» What is expected: The lines to reproduce from the material below are those from the one containing "Line 8G-DCT #15" through the one containing "light fixture.JPG", both included; write them out exactly and add nothing.

» Record set:
****

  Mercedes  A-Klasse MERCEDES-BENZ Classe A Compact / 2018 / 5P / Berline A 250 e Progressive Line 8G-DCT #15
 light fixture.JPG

****

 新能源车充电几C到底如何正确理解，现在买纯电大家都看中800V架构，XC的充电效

****

» Task solution:
  Mercedes  A-Klasse MERCEDES-BENZ Classe A Compact / 2018 / 5P / Berline A 250 e Progressive Line 8G-DCT #15
 light fixture.JPG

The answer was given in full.